◆ Exercise material ◆
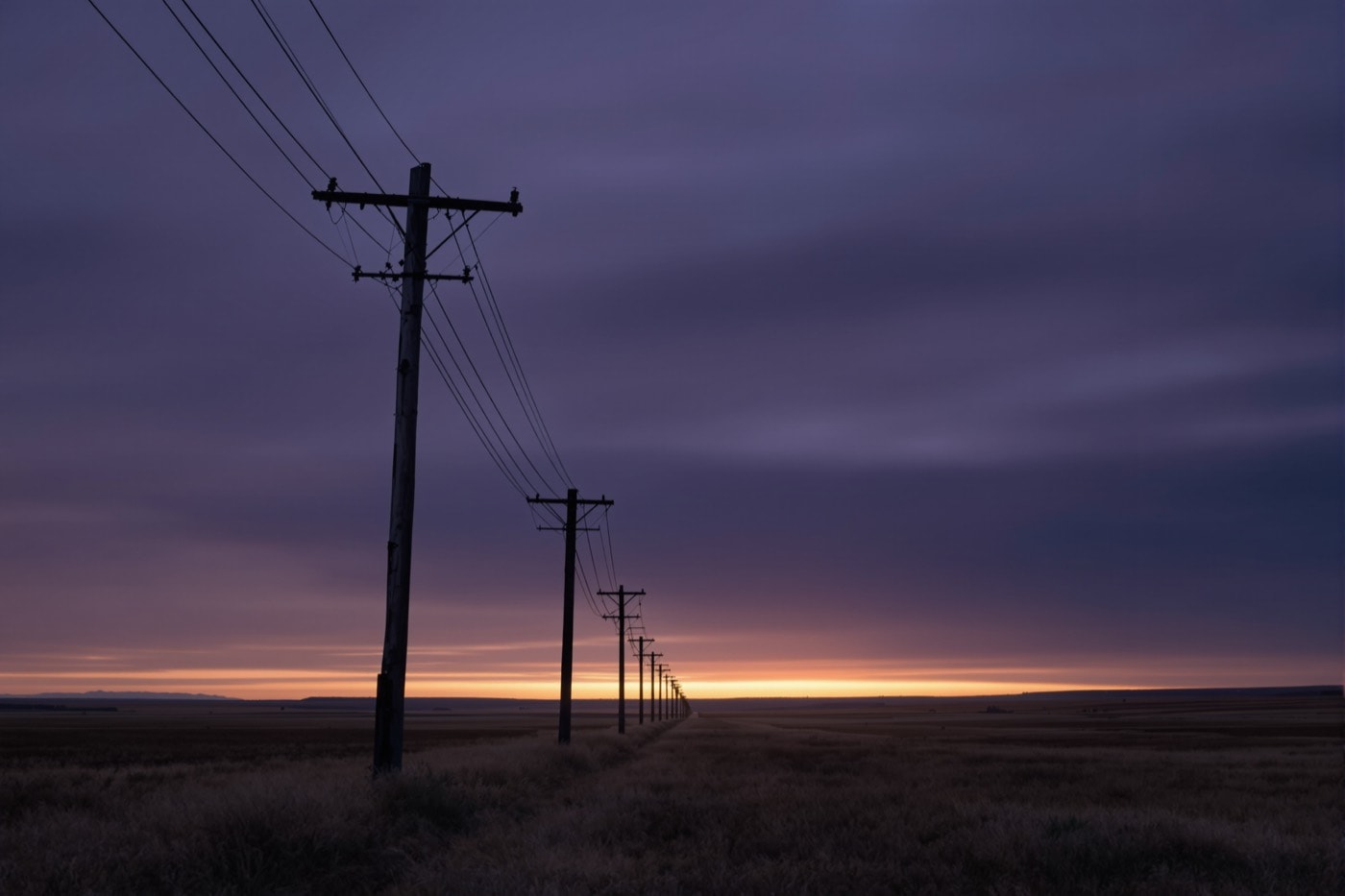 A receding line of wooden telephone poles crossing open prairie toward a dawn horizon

...

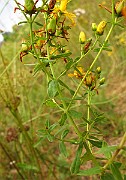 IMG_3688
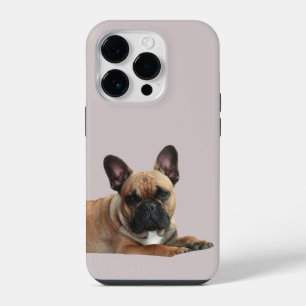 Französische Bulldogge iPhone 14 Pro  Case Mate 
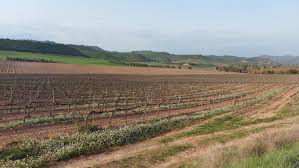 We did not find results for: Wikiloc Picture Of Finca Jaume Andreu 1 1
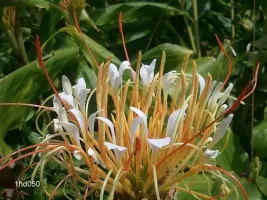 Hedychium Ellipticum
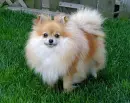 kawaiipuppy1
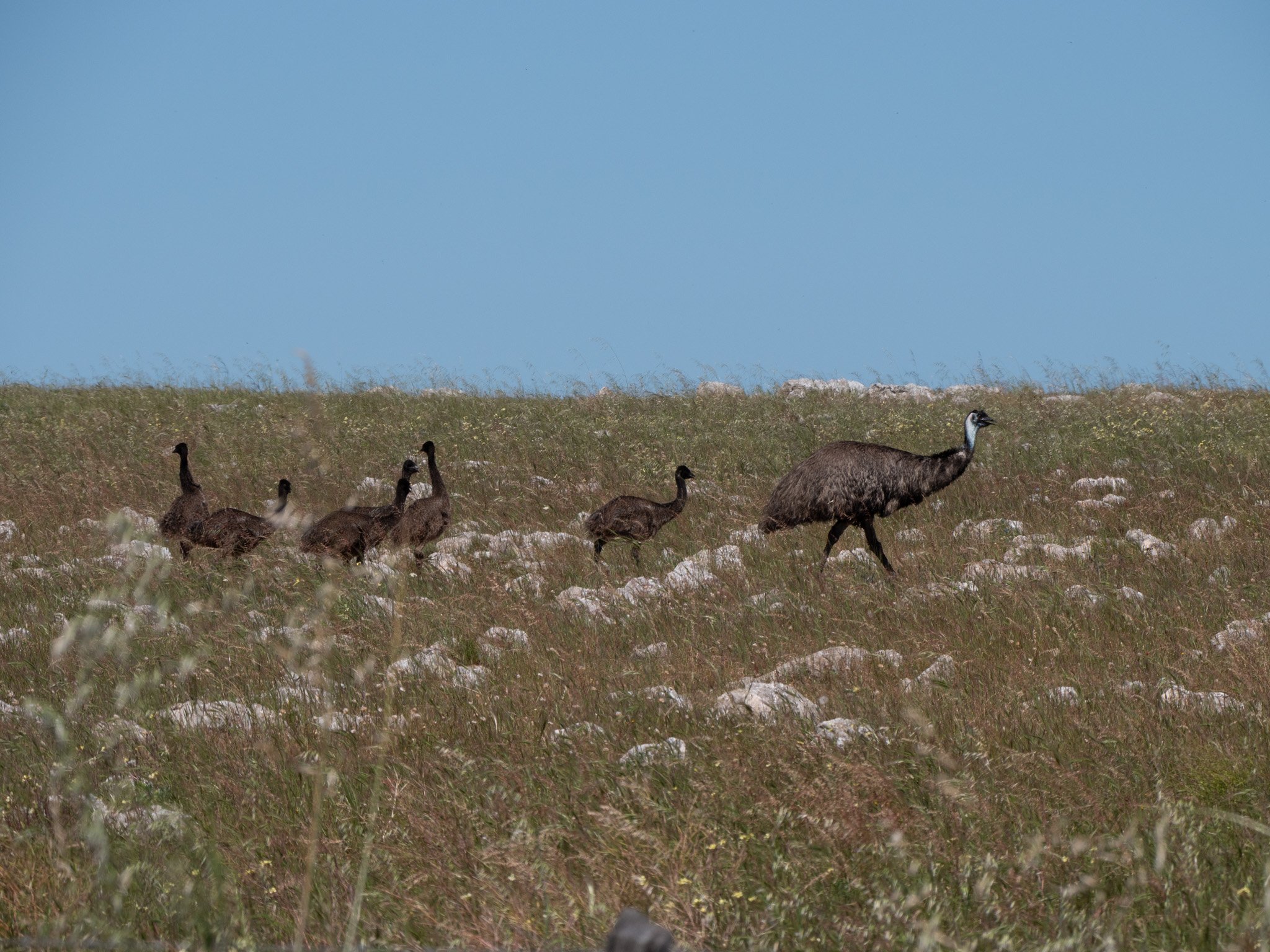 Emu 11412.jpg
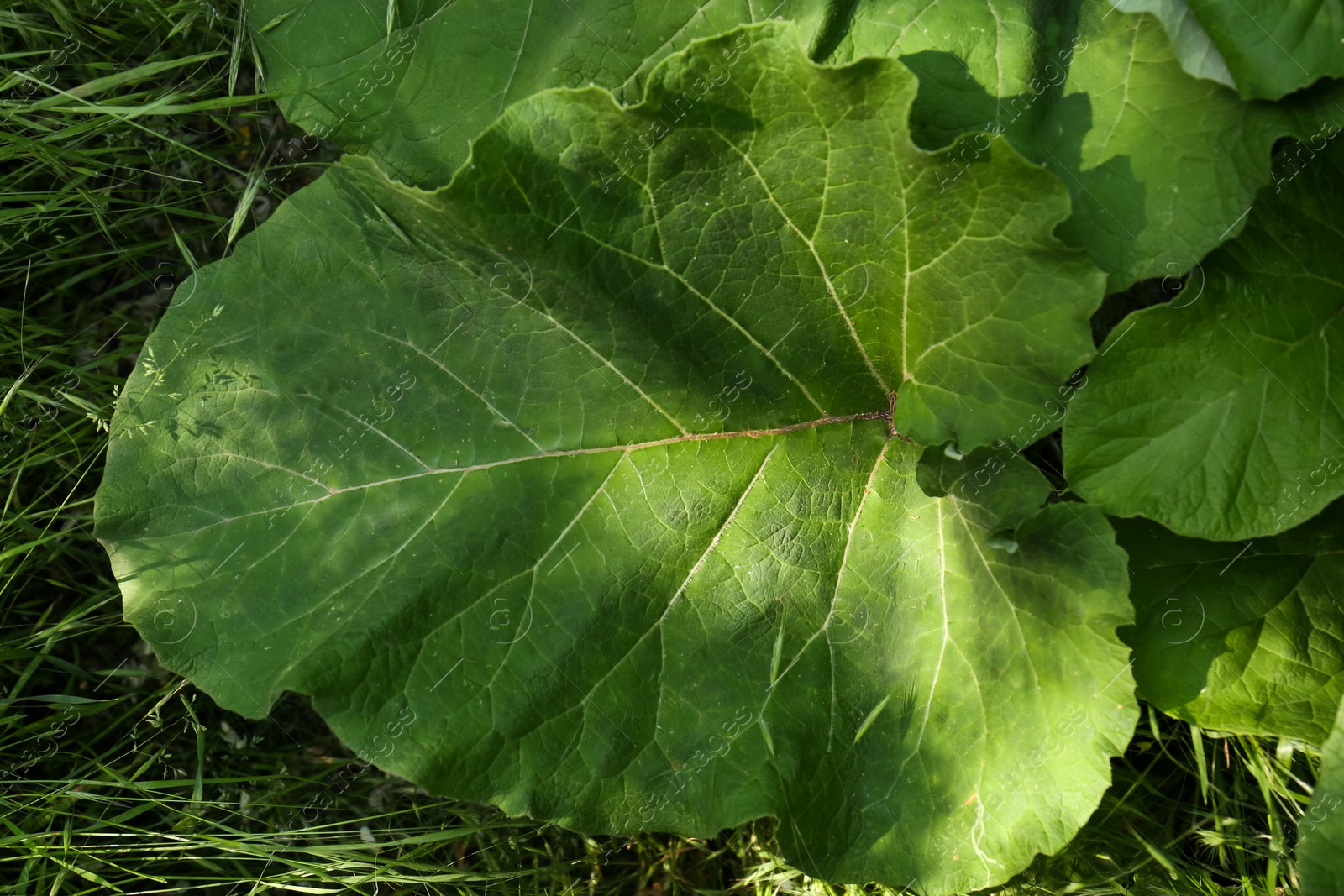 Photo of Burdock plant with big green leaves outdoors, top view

◆ Work instructions ◆
Set down exactly the lines above, from the line containing "We did not find" through the line containing "Photo of Burdock". Skip the pictures.

◆ Answer area ◆
 We did not find results for: Wikiloc Picture Of Finca Jaume Andreu 1 1
 Hedychium Ellipticum
 kawaiipuppy1
 Emu 11412.jpg
 Photo of Burdock plant with big green leaves outdoors, top view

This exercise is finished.